In the long run, the partners want to offset the declining capacity of Horseshoe Reservoir by raising the height of the Bartlett Dam, which sits about 20 miles downstream, to store that amount of water and then some. The SRP and 20 partners are working with the federal Bureau of Reclamation on the effort.

The partnership is kicking off a four-year study into the feasibility of modifying the Bartlett Dam. Congress authorized the study last year, which followed a two-year long SRP and Reclamation appraisal study.

Modifying the dam

Ron Klawitter, a senior principal at SRP, said accumulating sediment at Horseshoe Reservoir has led to the loss of more than 45,749 acre-feet of water storage, about one-third of the reservoir’s original capacity. An acre foot contains 325,851 gallons.

Exploring how to address that loss, the feasibility study will look at the impacts of raising the height of the 287-foot Bartlett Dam by between 62 and 97 feet.

If the dam were raised by 97 feet, that would increase its capacity to 628,000-acre feet from its current 178,186-acre feet.

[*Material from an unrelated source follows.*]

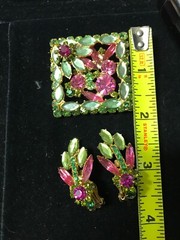 RARE Vtg Juliana D&E Book Set Pink Green Brooch & Earrings Set Uranium Glass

The increase would provide enough room to store the existing and restored water from Horseshoe Reservoir and the current amount of water stored in the Bartlett Reservoir. On top of that, it would add 305,784-acre feet of additional capacity to the 80-year-old dam.

During the appraisal study, Klawitter said they found that a 62-foot or 97-foot modification has about the same impacts on habitats and species in the area. While Klawitter said that makes the 97-foot modification more attractive because Central Arizona has such a need for renewable water surface supplies, he noted that the feasibility study would take a closer look at whether that is doable.

“There may be reasons we can’t build it quite that tall, so in that case, we would go down from there,” Klawitter said.